- [Dataset records]
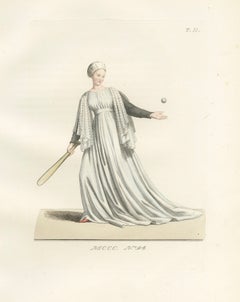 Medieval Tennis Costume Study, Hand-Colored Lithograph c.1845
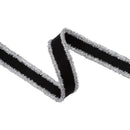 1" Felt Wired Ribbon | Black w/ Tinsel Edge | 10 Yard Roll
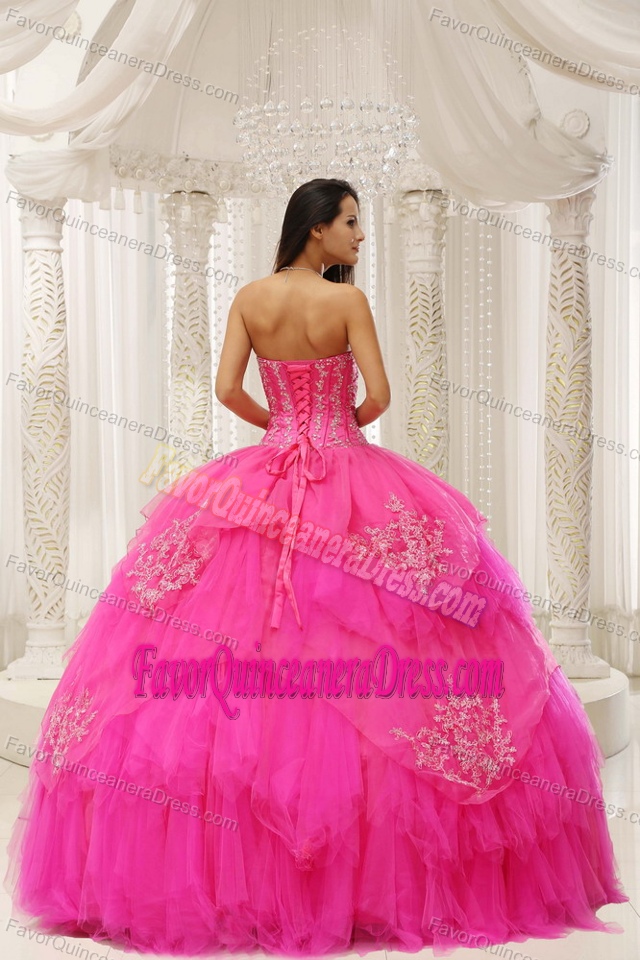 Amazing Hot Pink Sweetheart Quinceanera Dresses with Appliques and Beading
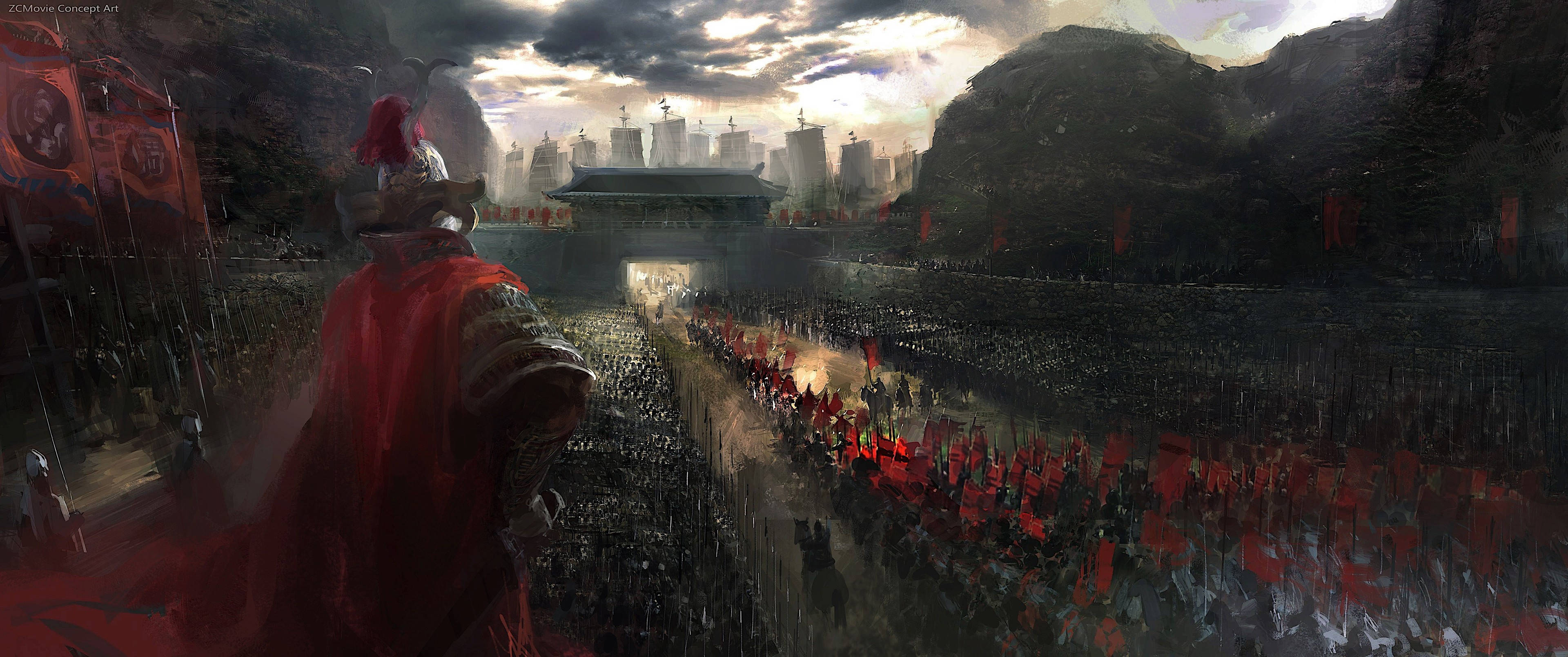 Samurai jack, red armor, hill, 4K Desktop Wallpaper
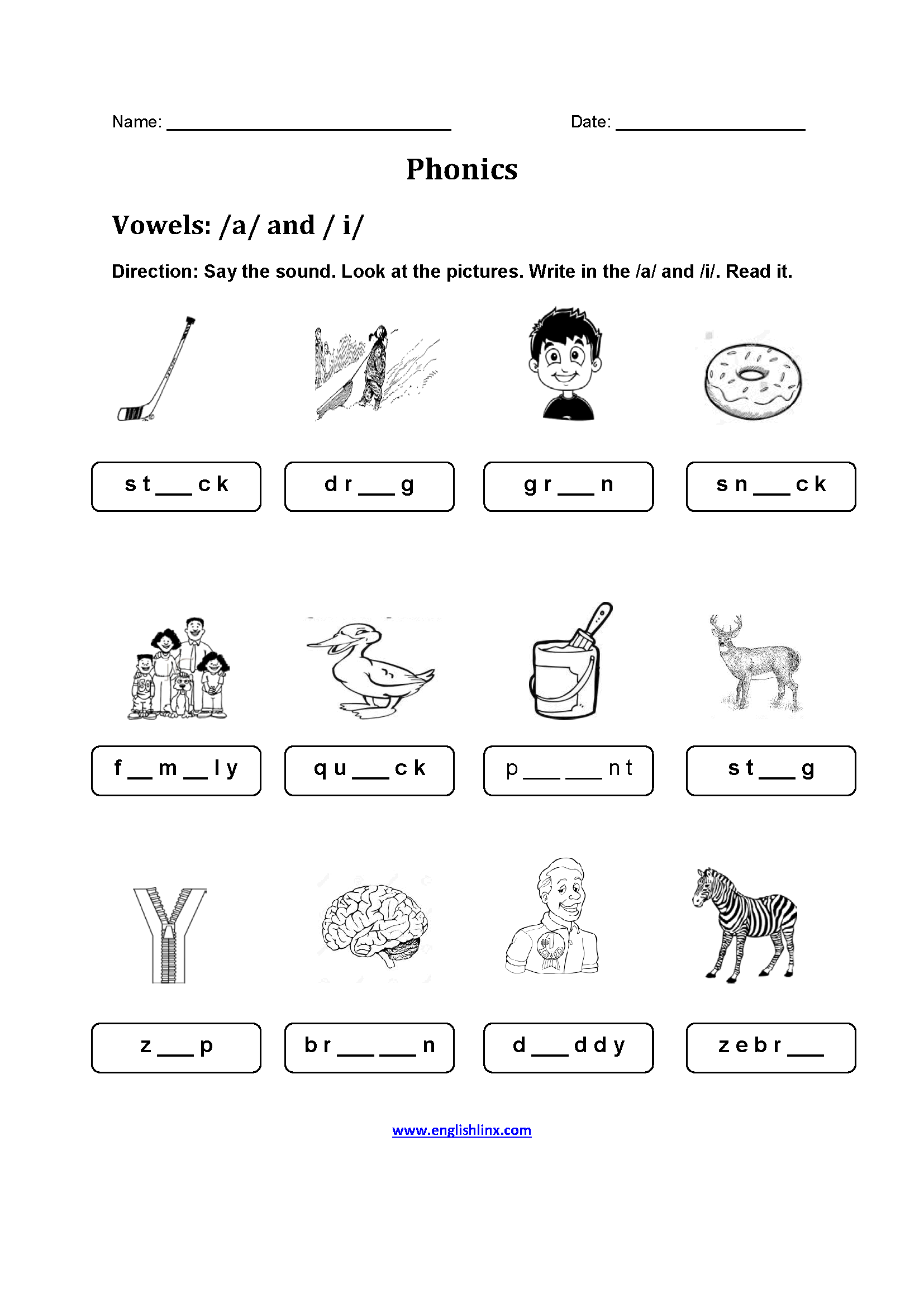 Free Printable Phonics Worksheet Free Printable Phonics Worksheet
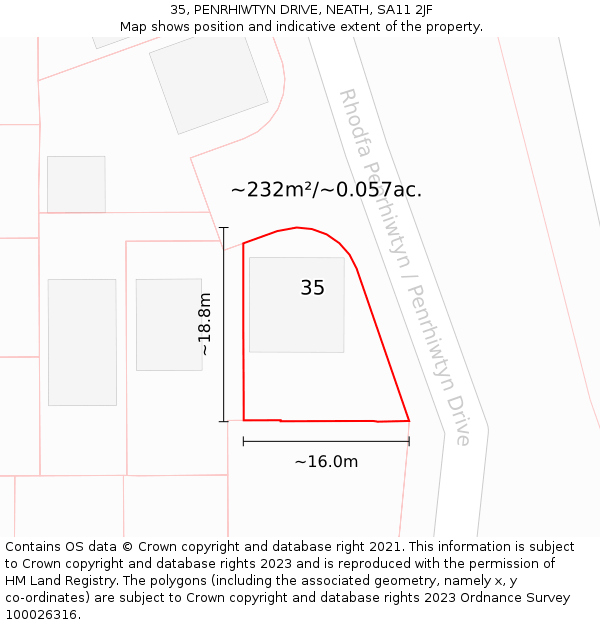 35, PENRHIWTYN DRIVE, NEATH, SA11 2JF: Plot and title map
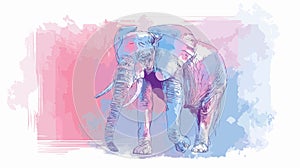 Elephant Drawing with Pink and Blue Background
---
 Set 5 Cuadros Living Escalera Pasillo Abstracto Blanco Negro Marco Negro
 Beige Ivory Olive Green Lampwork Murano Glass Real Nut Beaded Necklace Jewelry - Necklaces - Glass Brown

- [What you have to do] Exact repeat of the material above: every line from the one with "35, PENRHIWTYN DRIVE, NEATH, SA11" through the one with "Elephant Drawing with", endpoints included, and nothing more. No pictures.

- [Solution for this problem]
 35, PENRHIWTYN DRIVE, NEATH, SA11 2JF: Plot and title map
 Elephant Drawing with Pink and Blue Background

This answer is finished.